In 1924, he entered directly into the fifth grade of middle school. In 1937, he graduated from the MPEI named after V. M. Molotov, and in 1941 — the correspondence department of the Faculty of Mechanics and Mathematics of Lomonosov MSU.
Since 1936, A. A. Feldbaum has been an employee of the All-Russian Electrotechnical Institute (Всероссийский электротехнический институт). In 1939, he published his first scientific paper dedicated to the theory of automatic control. In 1943, he defended his PhD thesis on the theory of controlling devices.
Since 1945, A. A. Feldbaum taught at the Peter the Great Military Academy of the Strategic Missile Forces, a professor of the department of missile control systems of the faculty of reactive armament. He was engaged in the development of the theory of linear control systems, as well as the development and creation of the first analog computers in the USSR. From 1945 to 1964, he lectured there on electrical engineering, radio engineering, electrical measurements, automatics, theory of automatic regulation, theoretical foundations of communication and control.

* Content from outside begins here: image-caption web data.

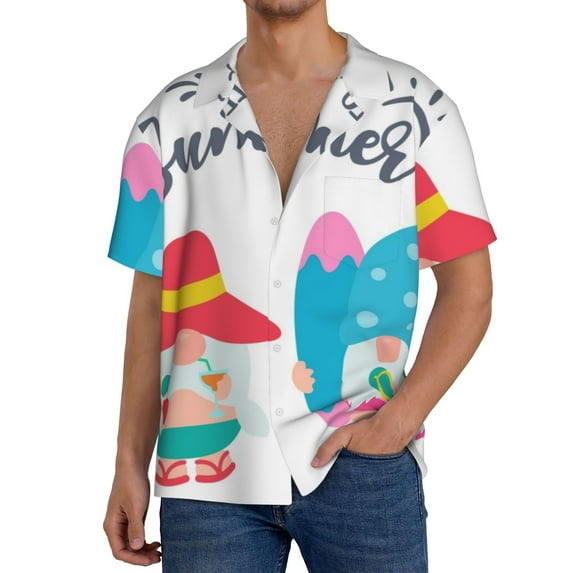 Sikiie Gnomes Summer Men's Wrinkle Free Untucked Cuban Shirt Business Casual Button Down Shirts Short Sleeve Shirt4X-Large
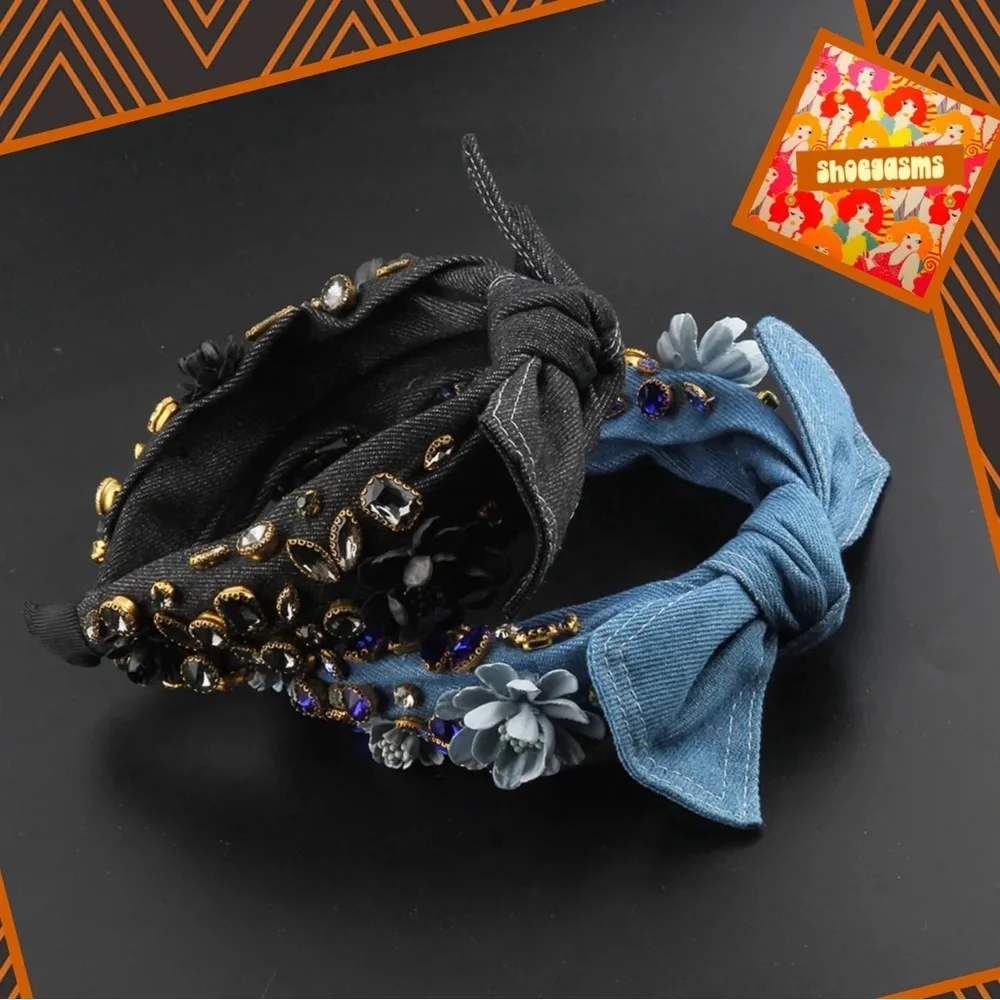 New! The “Baroque Cowboy” Rustic Denim And Rhinestone Bow Headband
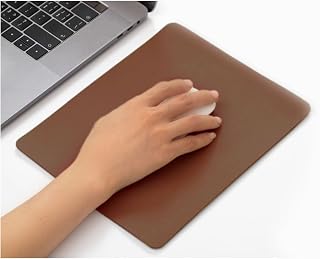 Leather Mouse Pad Non-Slip Washable Waterproof Computer Mouse Pad (Dark Brown)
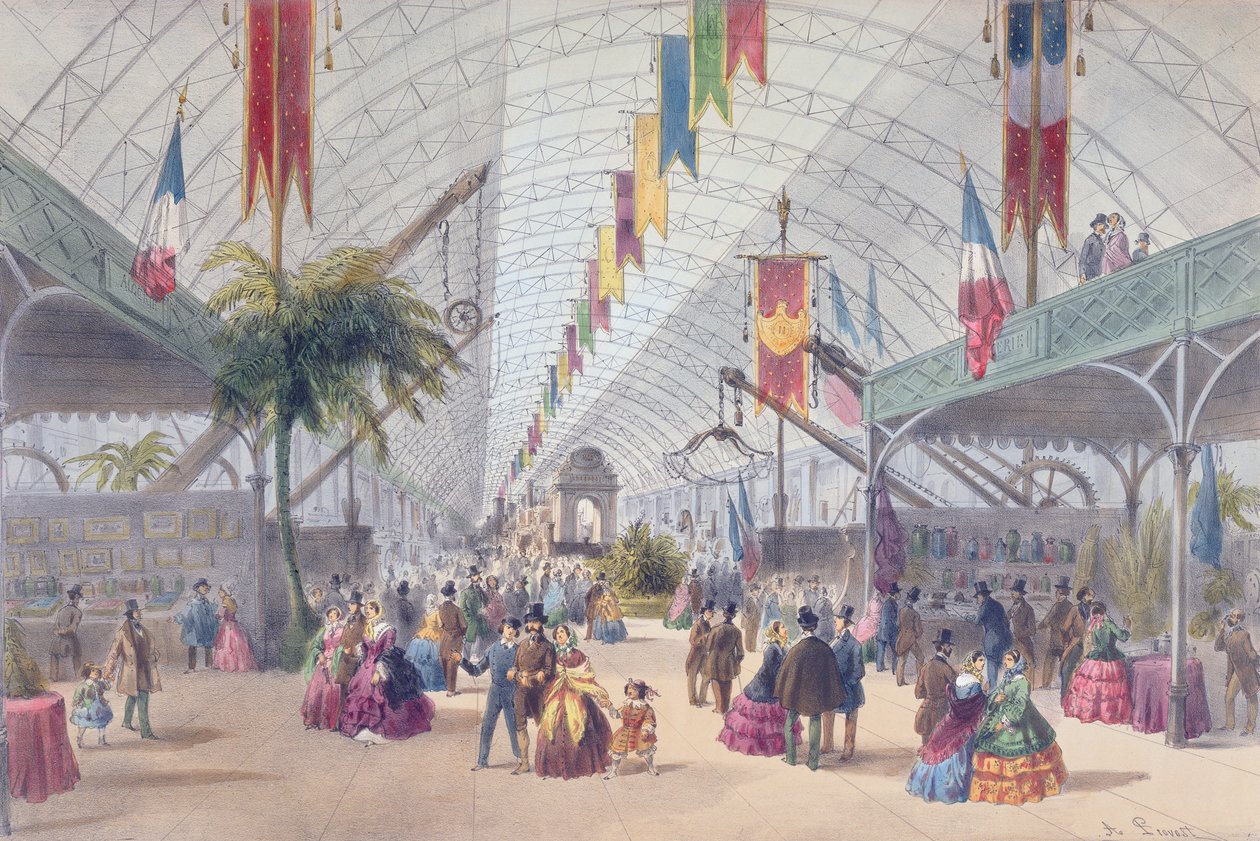 Innvendig utsikt over Galerie des Machines og Algerie-delen av Paris-utstillingen i 1855 av A Provost
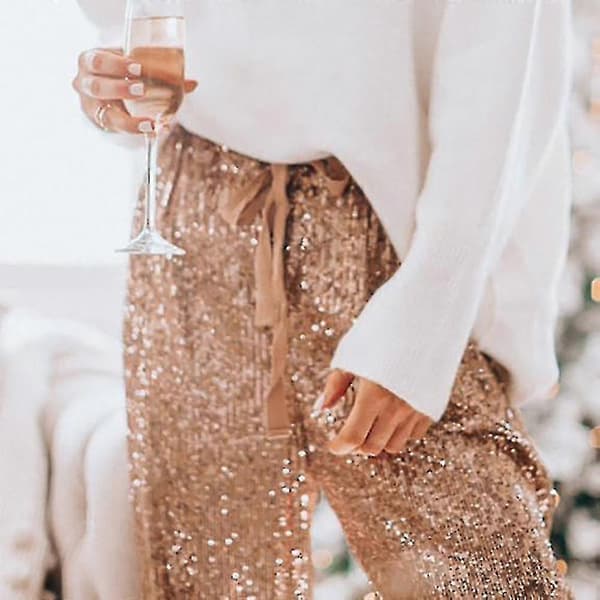 Glitter Sequin Joggebukser til Dame Høy Midje Elastisk Glitrende Bukser gold XL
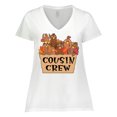 thumbnail image 1 of Inktastic Cousin Crew Cute Turkey Family Women's Plus Size V-Neck T-Shirt, 1 of 5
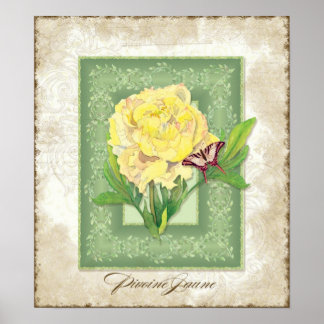 Póster Floral de estilo vintage - Peonia amarilla con Bro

In 1948, A. A. Feldbaum formulated the mathematical statement of the optimal control problem as a variational problem and provided its solution for a number of important applied tasks.
In 1949, A. A. Feldbaum was the first in the world to construct and theoretically investigate non-linear (quadratic in velocity) feedback, proving that it provides the maximum rate of action in the tracking motor controller system.

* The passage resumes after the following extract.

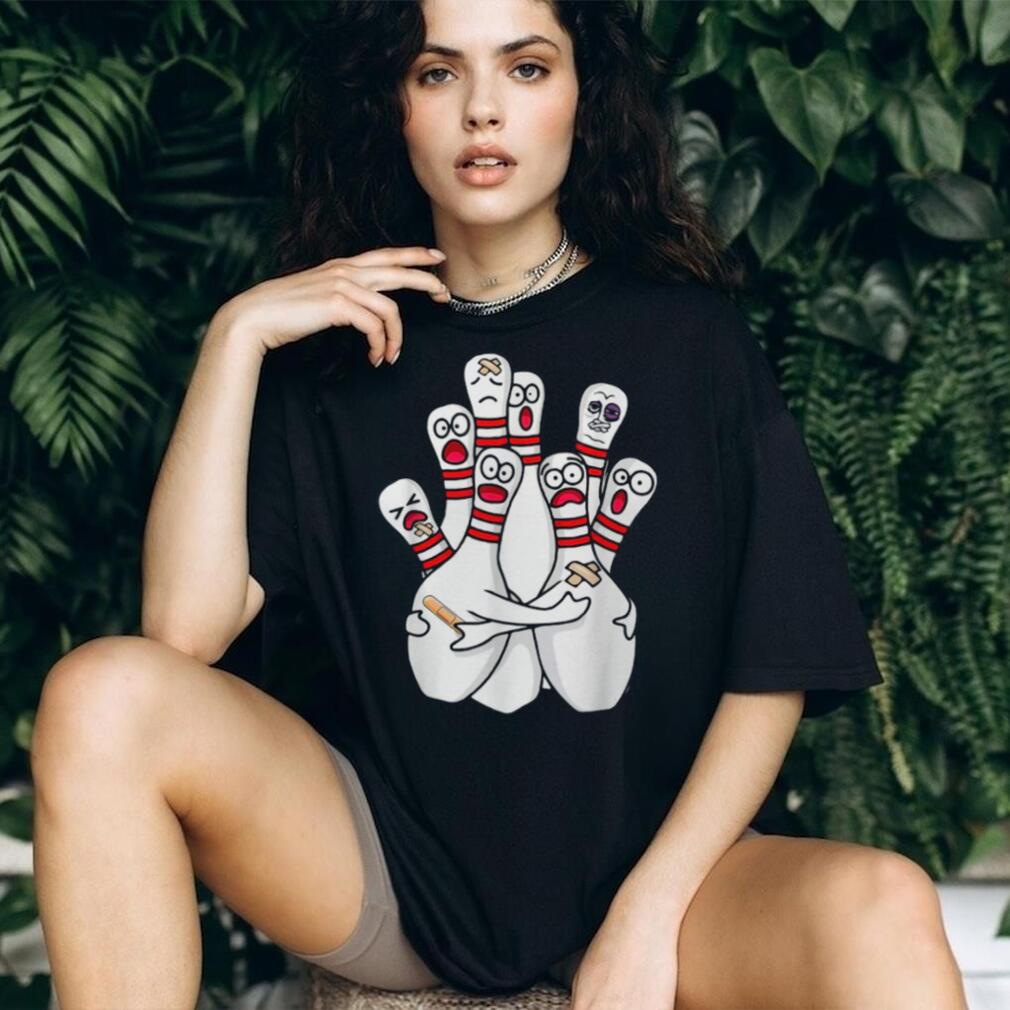 Funny Injured Bowling Pins Cartoon Graphic T Shirt Bowling Humor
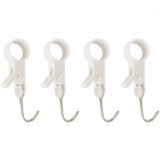 Set 4 Carlige Multifunctionale, Tubulare, Pentru Baie/Bucatarie, din ABS, 8.7 x 3.5 cm, Alb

In 1953, A. A. Feldbaum defended his doctoral dissertation on the dynamics of automatic regulation systems. A. A. Feldbaum introduced the concept of the degree of oscillation of transitional processes, proved a number of theorems about the forms of transient processes and their relationship with the distribution of the roots of the characteristic equation, developed criteria for quadratic errors.
In 1953, A. A. Feldbaum proved a theorem about n-intervals. Sometime later, this result became a starting point in the development of the open maximum principle by L. S. Pontryagin.

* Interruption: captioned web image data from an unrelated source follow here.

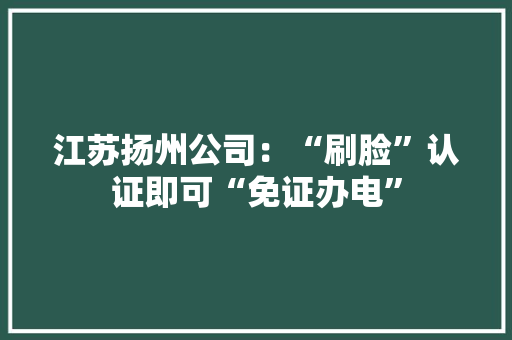江苏扬州公司：“刷脸”认证即可“免证办电”
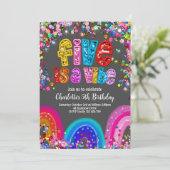 Rainbow Invitation, 5e verjaardag Schattige Bright Kaart (Staand voorkant)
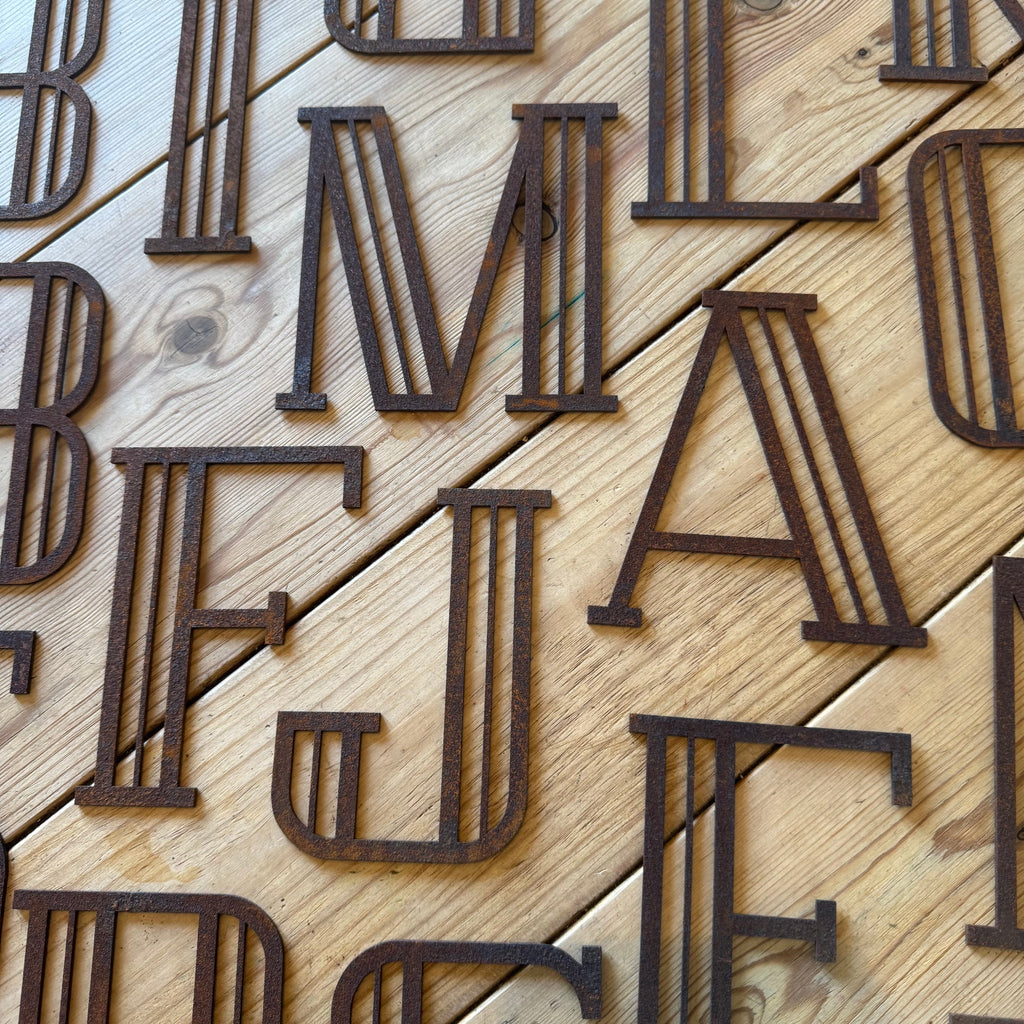 Rusty Metal Art Deco Lettering A-Z 0-9 in 5 inch or 12 inch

In 1955, at several seminars at the RAS V. A. Steklov Mathematical Institute, A. A. Feldbaum extensively discussed his findings. He explained and posed the general problem of optimal control to a group of outstanding mathematicians led by Academician L. S. Pontryagin.
A. A. Feldbaum considered the general problem of synthesizing optimal systems, introducing the fundamental concept of a switching surface in phase space (1955). Sometime later, Sun Zhen, a graduate student of A. A. Feldbaum from China, simulated this switching surface on a computer. Subsequently, this model was used in a high-speed tracking device designed for firing.
In the late 1950s, he contributed to the development of dual control theory. He proposed ways to solve synthesis problems of optimal control for systems with incomplete information.
From 1961, he was the head of the laboratory of self-tuning systems at the Institute of Automation and Telemechanics of the USSR Academy of Sciences. At the Institute of Automation and Telemechanics of the USSR Academy of Sciences, he established a laboratory for search and self-tuning systems, where the world's first multichannel search systems (optimizers) were implemented.
He laid the theoretical foundations and formulated the defining ideas of dual control theory, which combines learning and control.
He died on January 15 1969. His cremated remains are buried in Moscow at the Donskoy Cemetery (plot No. 3).